Input material:
##########

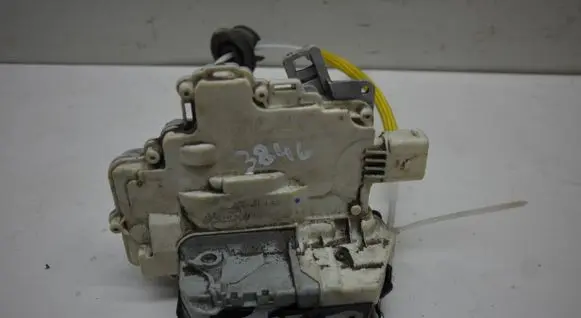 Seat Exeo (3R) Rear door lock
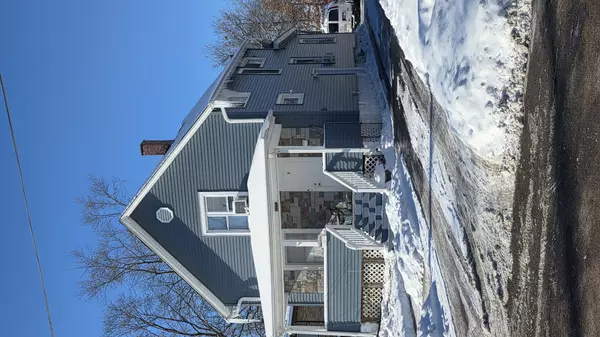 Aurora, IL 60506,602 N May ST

##########

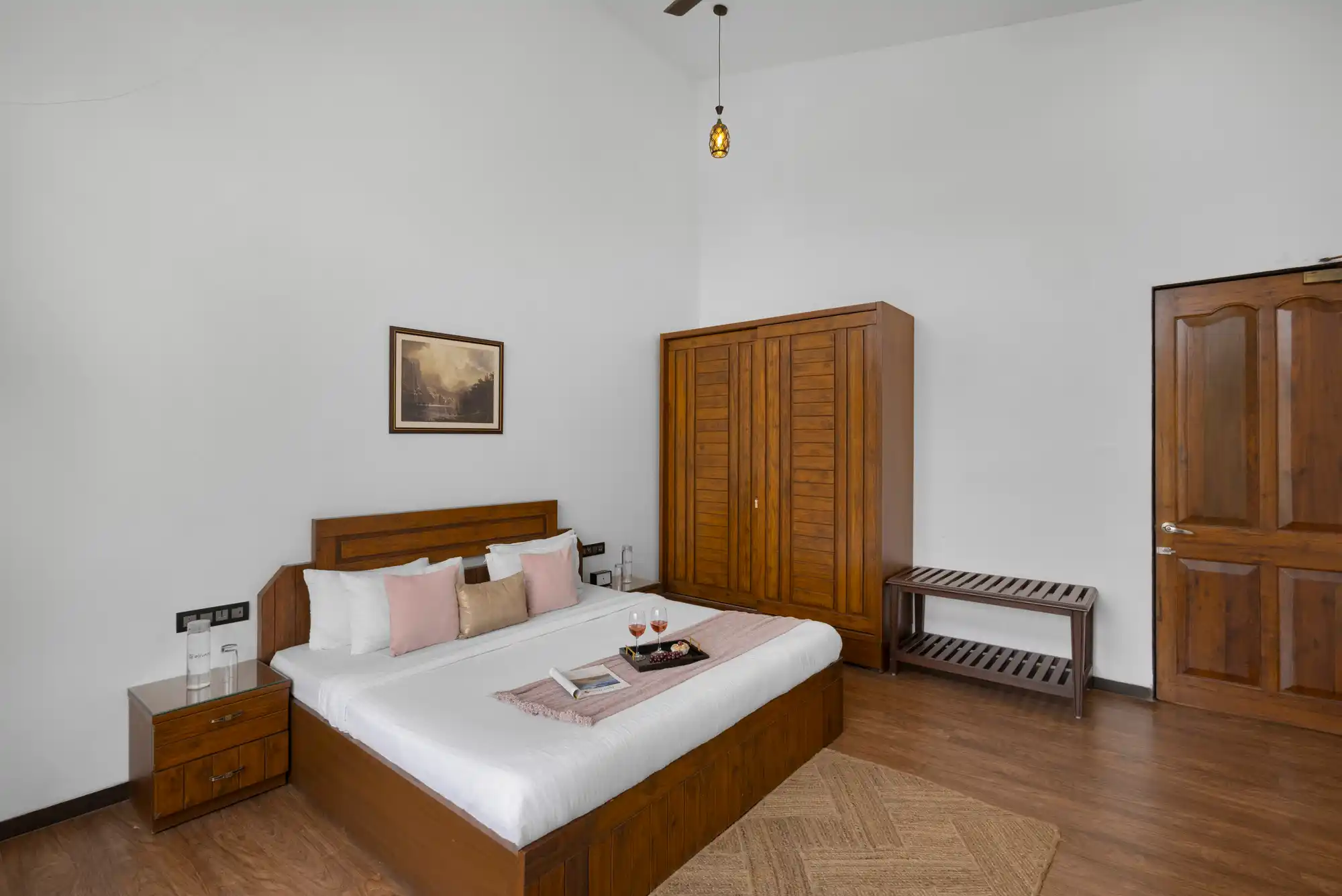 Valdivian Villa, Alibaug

##########

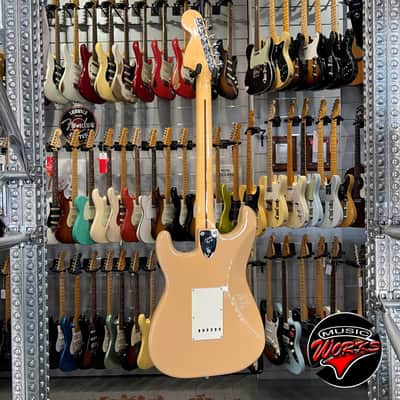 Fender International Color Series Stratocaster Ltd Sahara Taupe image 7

##########

Task requirements: Here the job is to copy the stretch of records from the line containing "Seat Exeo (3R) Rear door lock" through the line containing "Aurora, IL 60506,602 N May ST", word for word. Leave every picture out.

Result of the exercise:
 Seat Exeo (3R) Rear door lock
 Aurora, IL 60506,602 N May ST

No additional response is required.